His company Powerful Knowledge, which was founded in 2017 with his business partner Frank Bezzina, Prorector for International Development and Acting President, was awarded a €453,600 contract for mystery shopping for the administration.
But Marmara’s company was paid an additional €152,000 over and above the value of the contract. Marmara’s bid was the lowest but once awarded it was boosted significantly. By the end of it, Marmara’s Power Knowledge was paid €605,000.
Marmara was also tasked by the Office of the President to carry out work in relation to the President’s conference on national unity.
In the run-up to the March general election, former Justice Edward Zammit Lewis awarded him another €9,600 direct order to carry out an unspecified and untitled “national survey”.
Since then another of Marmara’s companies, Sagalytics has been given another €24,000 euro direct order by Jobsplus.
Maramra has now been appointed by Minister Clifton Grima as government representative on the University’s Faculty of Science board. He also sits on the board of the National Statistics Office which gives him direct access to sensitive information – all this while conducting personal surveys for several government ministers to measure their popularity in their electoral districts.
No wonder Marmara is so keen to give his polling data such a skewed anti-PN and pro-PL interpretation. Marmara is a trained statistician. He knows that polls are self-fulfilling prophecies. He is surely aware of the bandwagon effect where people tend to conform to the majority opinion. The more Marmara’s polls show that Labour still enjoys a huge majority, the more likely it is for voters to stick with Labour. The more Marmara abuses his data to paint the PN in an abysmal light, the less likely PN voters are to stick with their party and the more likely they are to switch, maybe not to Labour, but to other parties.
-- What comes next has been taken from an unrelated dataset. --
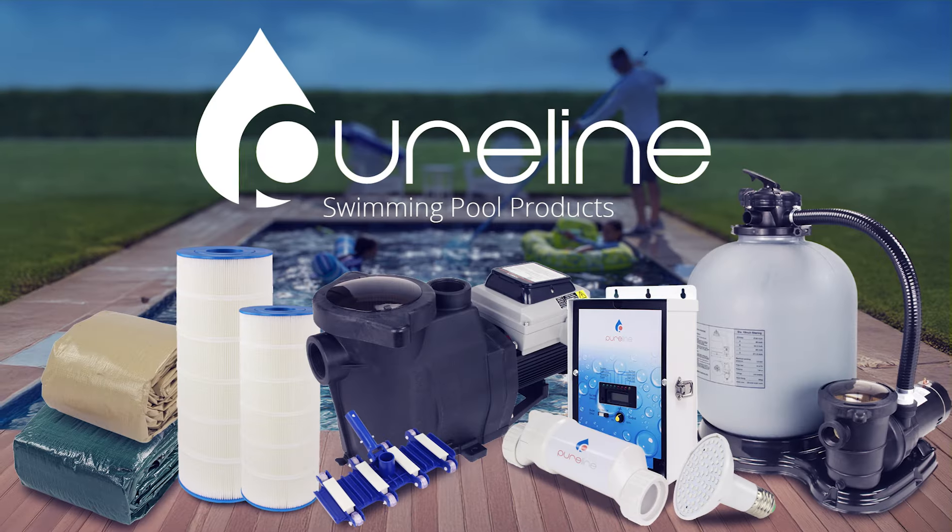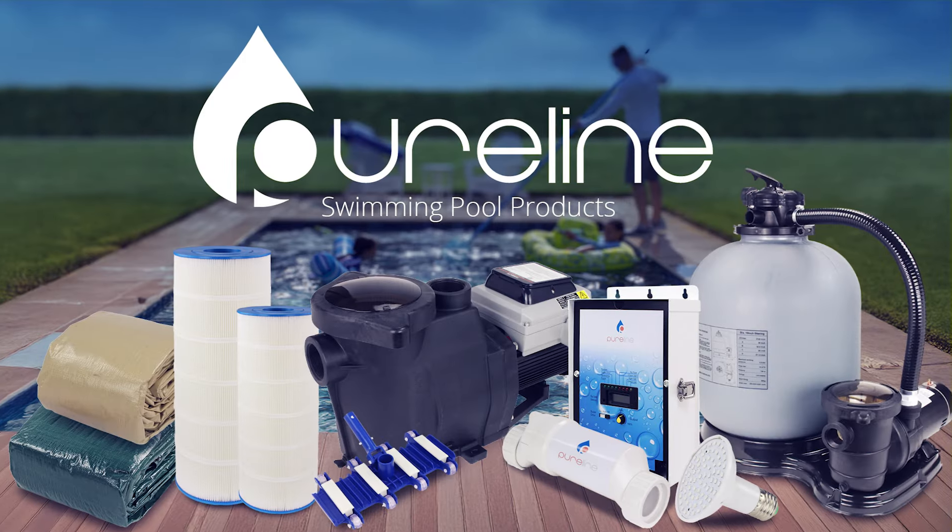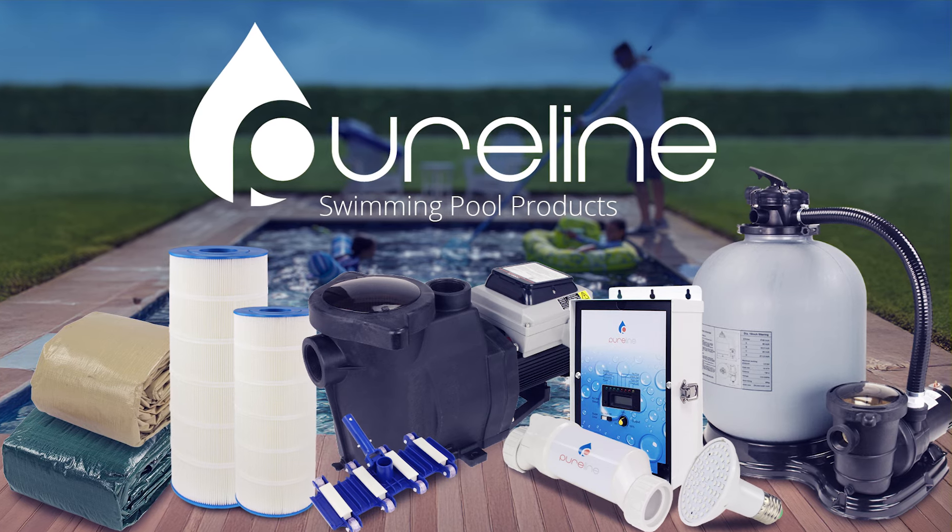Looking for top-tier pool equipment without the high price tag? Meet PureLine, the perfect brand for DIY pool owners and pool professionals who value performance, durability, and affordability.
David Rothschild and Neil Malhotra showed that polls significantly impact individual-level attitudes. They showed clearly that low public support decreases support further. ReachTEL clearly showed the bandwagon effect of polls – voters who think a particular political party will win end up voting for that party. If the social and media environment gives the impression that the election is already won, then the bandwagon effect is even greater. It is specifically for this reason that many countries halt polling before an election because the bandwagon effect can tilt the democratic process.
The shift of voters to the perceived majority view is called “contagion. When political opinion polls support one political party over another, there is little doubt that there will be a contagion effect.
Kurt and Gladys Lang published an article, The Impact of Polls on Public Opinion, in which they showed that by making the minority view appear even less popular than it actually is, polls will discourage and even intimidate those supporting the minority view into giving up.
This is what Marmara is doing with his commentary if not with his polls. He is doing Labour’s work – which is why Labour is paying him so handsomely. He is driving the narrative that there is no point supporting the PN, it’s haemorrhaging voters, they’re going to lose anyway, so why bother? That narrative drains not only voters but also voluntary service and funding from the party. And that serves Labour well, But it serves Marmara even better.